I have thought about paddling in the winter down in the desert country for a long time. My brother has been in South America for many months and is coming home in awhile. Has anyone paddled from Blythe to Yuma? Is it difficult to avoid the powerboats? I am always leery about trips around people from california. Thanks.
It’s 76 miles from Blythe to Imperial dam & approx 18 more to Yuma. I’ve paddled the 1st 35 miles to Walters camp 2x & would only go again if desparate to wet my paddle in otherwise very dry country. The CA side is continuous farmland. AZ side is wilder but the river is channelized & banks are continuous rip-rap. Haven’t paddled miles #36-62 by Picacho Rec area on Ca side but hear it’s more scenic than upriver. Next section down to Imperial dam @ mile #76 is scenic. River is much reduced below Imp dam w/ lots of development as you approach Yuma.

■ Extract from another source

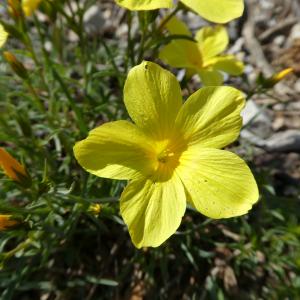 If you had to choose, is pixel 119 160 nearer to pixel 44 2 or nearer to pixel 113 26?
pixel 44 2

Big powerboats aren’t an issue. Some small fishing boats above Imp dam
For a much more scenic section of Colorado flatwater consider Black canyon/L Mohave from Hoover dam down to Laughlin/Bullhead City or Topock gorge above L Havasu
Thanks for the input. Any idea about the distance from Black Canyon to Laughlin? Is there some sort of permit for the put-in? Or did I hear that it is open only certain days of the week?
Colorado River 2013
I just teturned from 2 weeks in the desert and a week on the Colorado R. The weather was cooler than usual with hard frost and wind.

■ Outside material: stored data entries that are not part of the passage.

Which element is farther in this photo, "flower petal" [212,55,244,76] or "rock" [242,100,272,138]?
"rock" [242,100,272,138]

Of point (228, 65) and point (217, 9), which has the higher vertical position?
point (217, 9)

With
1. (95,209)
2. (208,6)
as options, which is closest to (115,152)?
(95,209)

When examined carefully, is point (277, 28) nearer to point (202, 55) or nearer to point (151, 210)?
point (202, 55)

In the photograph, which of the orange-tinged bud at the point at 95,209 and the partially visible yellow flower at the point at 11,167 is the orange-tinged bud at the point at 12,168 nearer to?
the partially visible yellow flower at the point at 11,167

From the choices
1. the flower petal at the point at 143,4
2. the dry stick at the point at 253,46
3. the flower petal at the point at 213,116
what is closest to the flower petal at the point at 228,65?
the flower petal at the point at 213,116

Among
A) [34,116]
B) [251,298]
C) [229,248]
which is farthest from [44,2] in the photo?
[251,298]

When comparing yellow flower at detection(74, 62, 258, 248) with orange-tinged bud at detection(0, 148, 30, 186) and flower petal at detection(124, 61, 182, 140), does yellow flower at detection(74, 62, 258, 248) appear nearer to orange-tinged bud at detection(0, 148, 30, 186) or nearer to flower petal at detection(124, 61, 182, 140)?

The last night in camp a Navy Blue Angel jet passed over camp and we waved, and he waved his wings. The full moon rose over the river at sunset. We were serenaded by wild donkeys, the coyote choir and 2 great horned owls. A river otter swam past camp. We told the stories of the day around a warm campfire. Desert bighorn sheep, bald eagles, osprey, Sandhill cranes, and Mexican hawks. And jets, lots of really fast military jets.
A lot of access on and off the river has been lost. The vegetation has become overgrown on the lower river. But all in all it was a transformative trip for several crew members, and we are already planning our next trip.
what part of the river did you do this time?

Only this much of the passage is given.